Vriezen: Take the time to enjoy spring

Claire Vriezen

As I walk across campus to my next class, I see the ground littered with bodies. Students are strewn across the grass, some are propped up against the steps of the library, others against trees.

No, it’s not a sign of the zombie apocalypse, it’s springtime. Students are now spending free time soaking up some vitamin D between classes rather than huddled inside the nearest building for warmth. 

With the end of the semester right around the corner, everyone seems to have spring fever. This past weekend, even I was unable to resist the temptation to wander campus barefoot, enjoying the feel of grass and dirt beneath my feet. After a week of VEISHEA, it is unlikely many will remain completely focused on school in the final stretch. 

While classes are wrapping up and professors are trying to squeeze in the last test or project, students search for time to have some fun in the sun. As important as studying, mental health is essential to maintain sanity, especially in the face of finals. 

This balance is a tricky one. Locking yourself in your room to study may make you feel as though you are optimizing your time, but expending effort only on homework will eventually lead to more stress and anxiety.

Nearly all studying tips I’ve run across will recommend that students avoid studying for extended periods of time without a break. Taking a small break, even for 15 minutes, will give your mind some time to relax and recharge before tackling the next set of textbooks.
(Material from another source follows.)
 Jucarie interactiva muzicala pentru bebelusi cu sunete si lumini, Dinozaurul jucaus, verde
Often, a change of scenery is most helpful in taking a mental break, ensuring that you aren’t surrounded by your study materials and reminded of those stressors.

Now that the weather is improving, study breaks outside can serve not only to refresh the mind, but to simply allow students time to enjoy the weather. Due to a busy schedule this semester, I found myself increasingly frustrated that by the time I had a moment to spare, the sun had set and going outside would have to wait another day. Not having an opportunity to spend a lot of time outside during the week, I soon became impatient with the constraints of schoolwork.   
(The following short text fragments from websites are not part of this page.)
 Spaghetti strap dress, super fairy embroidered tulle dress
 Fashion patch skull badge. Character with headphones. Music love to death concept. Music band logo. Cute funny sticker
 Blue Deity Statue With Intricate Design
One quick solution to this problem is to simply migrate outside, class notes in hand. After all, there are no rules that dictate where studying must be done. Curl up under a tree or find a spot in the sun to continue reading.  As long as you can maintain the same level of focus, there is no reason you can’t enjoy the weather while hitting the books. 
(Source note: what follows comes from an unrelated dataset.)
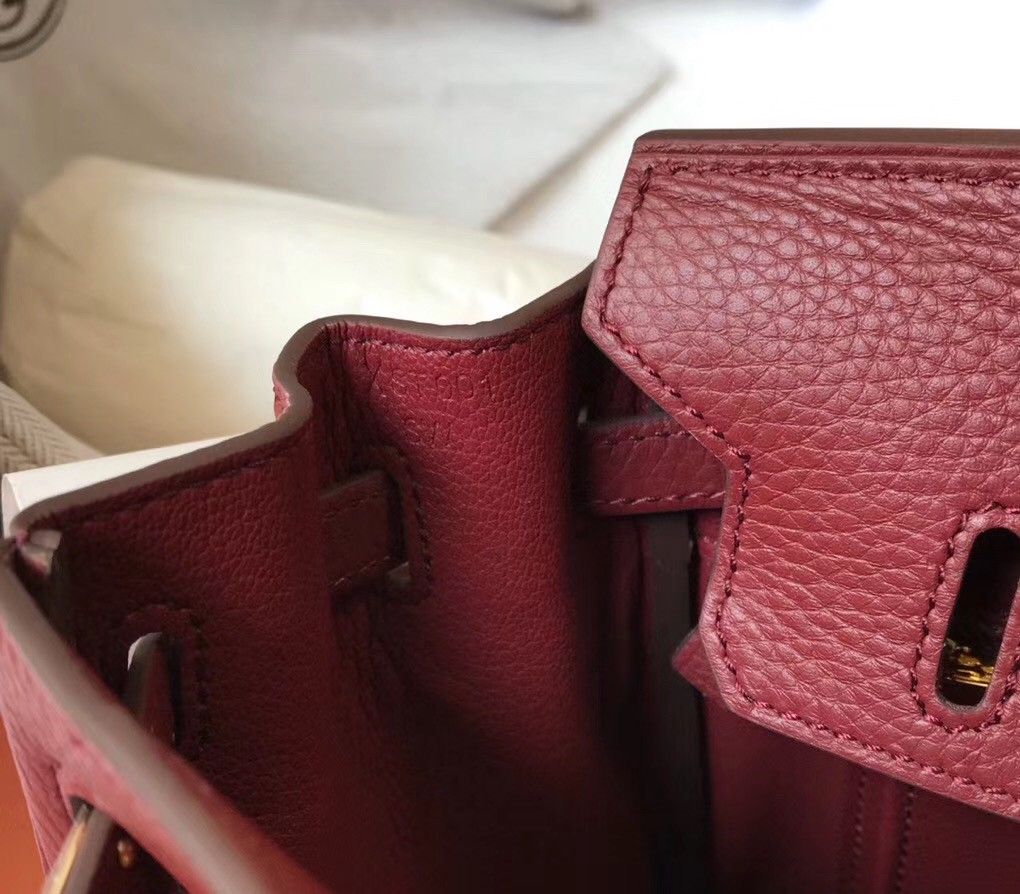 Hermes Birkin 30 Bag in Bordeaux Clemence Leather with GHW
If you find you can’t effectively study outdoors, at the very least it’s still a good idea to take the time to be outside. A cathartic walk around campus, a quick game of soccer or ultimate Frisbee might be just the thing to lift you out of the studying blues. 

As a nature lover, I find it calming to simply sit in the grass, look at the flowers, listen to the birds and watch the squirrels. Watching the world go on around me and taking in the beauty of spring serves to provide mental relief from the daily routine of classes. 

So as you reach the end of the semester, remember to take time for yourself in your studies. Not only will it serve to break up study time, but it will simply be beneficial to your emotional and mental needs. As the old adage goes, “all work and no play makes Jack a dull boy.”